[THE DATA]

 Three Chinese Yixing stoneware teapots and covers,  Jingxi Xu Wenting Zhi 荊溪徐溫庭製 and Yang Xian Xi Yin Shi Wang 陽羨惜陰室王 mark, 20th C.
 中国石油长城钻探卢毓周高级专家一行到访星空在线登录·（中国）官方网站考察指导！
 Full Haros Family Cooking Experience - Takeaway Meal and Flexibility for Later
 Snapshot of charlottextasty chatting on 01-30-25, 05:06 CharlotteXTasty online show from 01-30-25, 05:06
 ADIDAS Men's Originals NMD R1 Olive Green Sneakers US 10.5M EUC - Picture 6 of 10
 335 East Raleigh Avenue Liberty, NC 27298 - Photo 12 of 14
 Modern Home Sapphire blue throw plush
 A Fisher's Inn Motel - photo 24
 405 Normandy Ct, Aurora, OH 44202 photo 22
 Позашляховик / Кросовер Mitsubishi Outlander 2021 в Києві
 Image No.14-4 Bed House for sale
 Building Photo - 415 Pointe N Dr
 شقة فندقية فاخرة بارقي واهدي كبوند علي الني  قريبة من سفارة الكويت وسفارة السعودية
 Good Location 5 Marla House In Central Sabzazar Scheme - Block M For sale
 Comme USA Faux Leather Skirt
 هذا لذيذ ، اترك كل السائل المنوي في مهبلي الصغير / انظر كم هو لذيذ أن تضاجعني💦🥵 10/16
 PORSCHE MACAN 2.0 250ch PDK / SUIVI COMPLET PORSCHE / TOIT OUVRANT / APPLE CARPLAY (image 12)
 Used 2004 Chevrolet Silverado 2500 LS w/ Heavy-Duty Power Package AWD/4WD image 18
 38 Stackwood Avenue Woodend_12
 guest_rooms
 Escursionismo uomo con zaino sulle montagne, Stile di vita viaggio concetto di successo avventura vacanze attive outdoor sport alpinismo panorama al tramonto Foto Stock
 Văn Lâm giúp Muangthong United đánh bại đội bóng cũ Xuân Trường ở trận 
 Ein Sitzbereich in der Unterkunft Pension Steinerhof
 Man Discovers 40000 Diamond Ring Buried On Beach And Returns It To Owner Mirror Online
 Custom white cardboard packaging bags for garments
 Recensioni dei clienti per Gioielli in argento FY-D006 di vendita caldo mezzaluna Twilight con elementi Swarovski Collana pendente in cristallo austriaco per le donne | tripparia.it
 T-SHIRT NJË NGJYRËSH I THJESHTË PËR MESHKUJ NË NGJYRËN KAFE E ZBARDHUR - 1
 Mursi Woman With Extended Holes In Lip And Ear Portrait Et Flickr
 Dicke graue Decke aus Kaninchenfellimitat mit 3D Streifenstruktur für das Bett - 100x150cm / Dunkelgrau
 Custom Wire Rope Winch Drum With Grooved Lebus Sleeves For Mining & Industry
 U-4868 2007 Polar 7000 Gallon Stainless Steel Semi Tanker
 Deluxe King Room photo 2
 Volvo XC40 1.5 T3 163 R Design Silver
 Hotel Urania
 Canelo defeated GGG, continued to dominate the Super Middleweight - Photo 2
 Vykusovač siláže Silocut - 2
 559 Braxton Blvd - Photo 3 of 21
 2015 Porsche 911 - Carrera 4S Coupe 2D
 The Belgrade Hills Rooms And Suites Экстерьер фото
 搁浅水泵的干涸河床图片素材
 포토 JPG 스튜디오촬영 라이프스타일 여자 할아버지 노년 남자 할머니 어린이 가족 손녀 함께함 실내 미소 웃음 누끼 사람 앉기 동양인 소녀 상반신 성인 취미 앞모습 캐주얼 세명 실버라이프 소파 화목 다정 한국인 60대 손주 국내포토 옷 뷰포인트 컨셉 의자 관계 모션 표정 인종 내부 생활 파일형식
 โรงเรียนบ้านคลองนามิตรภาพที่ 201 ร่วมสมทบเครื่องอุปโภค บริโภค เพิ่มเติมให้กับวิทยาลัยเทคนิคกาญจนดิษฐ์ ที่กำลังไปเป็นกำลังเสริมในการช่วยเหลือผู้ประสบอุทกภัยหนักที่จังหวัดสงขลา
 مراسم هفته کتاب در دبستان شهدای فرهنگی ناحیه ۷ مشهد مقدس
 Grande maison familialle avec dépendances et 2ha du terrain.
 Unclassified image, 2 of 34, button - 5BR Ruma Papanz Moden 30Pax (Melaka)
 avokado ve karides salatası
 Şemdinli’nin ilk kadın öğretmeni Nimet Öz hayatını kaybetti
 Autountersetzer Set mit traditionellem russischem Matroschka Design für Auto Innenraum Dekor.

[WHAT YOU SHOULD DO] Repeat the entries exactly as they appear.

[ANSWER BOX]
 Three Chinese Yixing stoneware teapots and covers,  Jingxi Xu Wenting Zhi 荊溪徐溫庭製 and Yang Xian Xi Yin Shi Wang 陽羨惜陰室王 mark, 20th C.
 中国石油长城钻探卢毓周高级专家一行到访星空在线登录·（中国）官方网站考察指导！
 Full Haros Family Cooking Experience - Takeaway Meal and Flexibility for Later
 Snapshot of charlottextasty chatting on 01-30-25, 05:06 CharlotteXTasty online show from 01-30-25, 05:06
 ADIDAS Men's Originals NMD R1 Olive Green Sneakers US 10.5M EUC - Picture 6 of 10
 335 East Raleigh Avenue Liberty, NC 27298 - Photo 12 of 14
 Modern Home Sapphire blue throw plush
 A Fisher's Inn Motel - photo 24
 405 Normandy Ct, Aurora, OH 44202 photo 22
 Позашляховик / Кросовер Mitsubishi Outlander 2021 в Києві
 Image No.14-4 Bed House for sale
 Building Photo - 415 Pointe N Dr
 شقة فندقية فاخرة بارقي واهدي كبوند علي الني  قريبة من سفارة الكويت وسفارة السعودية
 Good Location 5 Marla House In Central Sabzazar Scheme - Block M For sale
 Comme USA Faux Leather Skirt
 هذا لذيذ ، اترك كل السائل المنوي في مهبلي الصغير / انظر كم هو لذيذ أن تضاجعني💦🥵 10/16
 PORSCHE MACAN 2.0 250ch PDK / SUIVI COMPLET PORSCHE / TOIT OUVRANT / APPLE CARPLAY (image 12)
 Used 2004 Chevrolet Silverado 2500 LS w/ Heavy-Duty Power Package AWD/4WD image 18
 38 Stackwood Avenue Woodend_12
 guest_rooms
 Escursionismo uomo con zaino sulle montagne, Stile di vita viaggio concetto di successo avventura vacanze attive outdoor sport alpinismo panorama al tramonto Foto Stock
 Văn Lâm giúp Muangthong United đánh bại đội bóng cũ Xuân Trường ở trận 
 Ein Sitzbereich in der Unterkunft Pension Steinerhof
 Man Discovers 40000 Diamond Ring Buried On Beach And Returns It To Owner Mirror Online
 Custom white cardboard packaging bags for garments
 Recensioni dei clienti per Gioielli in argento FY-D006 di vendita caldo mezzaluna Twilight con elementi Swarovski Collana pendente in cristallo austriaco per le donne | tripparia.it
 T-SHIRT NJË NGJYRËSH I THJESHTË PËR MESHKUJ NË NGJYRËN KAFE E ZBARDHUR - 1
 Mursi Woman With Extended Holes In Lip And Ear Portrait Et Flickr
 Dicke graue Decke aus Kaninchenfellimitat mit 3D Streifenstruktur für das Bett - 100x150cm / Dunkelgrau
 Custom Wire Rope Winch Drum With Grooved Lebus Sleeves For Mining & Industry
 U-4868 2007 Polar 7000 Gallon Stainless Steel Semi Tanker
 Deluxe King Room photo 2
 Volvo XC40 1.5 T3 163 R Design Silver
 Hotel Urania
 Canelo defeated GGG, continued to dominate the Super Middleweight - Photo 2
 Vykusovač siláže Silocut - 2
 559 Braxton Blvd - Photo 3 of 21
 2015 Porsche 911 - Carrera 4S Coupe 2D
 The Belgrade Hills Rooms And Suites Экстерьер фото
 搁浅水泵的干涸河床图片素材
 포토 JPG 스튜디오촬영 라이프스타일 여자 할아버지 노년 남자 할머니 어린이 가족 손녀 함께함 실내 미소 웃음 누끼 사람 앉기 동양인 소녀 상반신 성인 취미 앞모습 캐주얼 세명 실버라이프 소파 화목 다정 한국인 60대 손주 국내포토 옷 뷰포인트 컨셉 의자 관계 모션 표정 인종 내부 생활 파일형식
 โรงเรียนบ้านคลองนามิตรภาพที่ 201 ร่วมสมทบเครื่องอุปโภค บริโภค เพิ่มเติมให้กับวิทยาลัยเทคนิคกาญจนดิษฐ์ ที่กำลังไปเป็นกำลังเสริมในการช่วยเหลือผู้ประสบอุทกภัยหนักที่จังหวัดสงขลา
 مراسم هفته کتاب در دبستان شهدای فرهنگی ناحیه ۷ مشهد مقدس
 Grande maison familialle avec dépendances et 2ha du terrain.
 Unclassified image, 2 of 34, button - 5BR Ruma Papanz Moden 30Pax (Melaka)
 avokado ve karides salatası
 Şemdinli’nin ilk kadın öğretmeni Nimet Öz hayatını kaybetti
 Autountersetzer Set mit traditionellem russischem Matroschka Design für Auto Innenraum Dekor.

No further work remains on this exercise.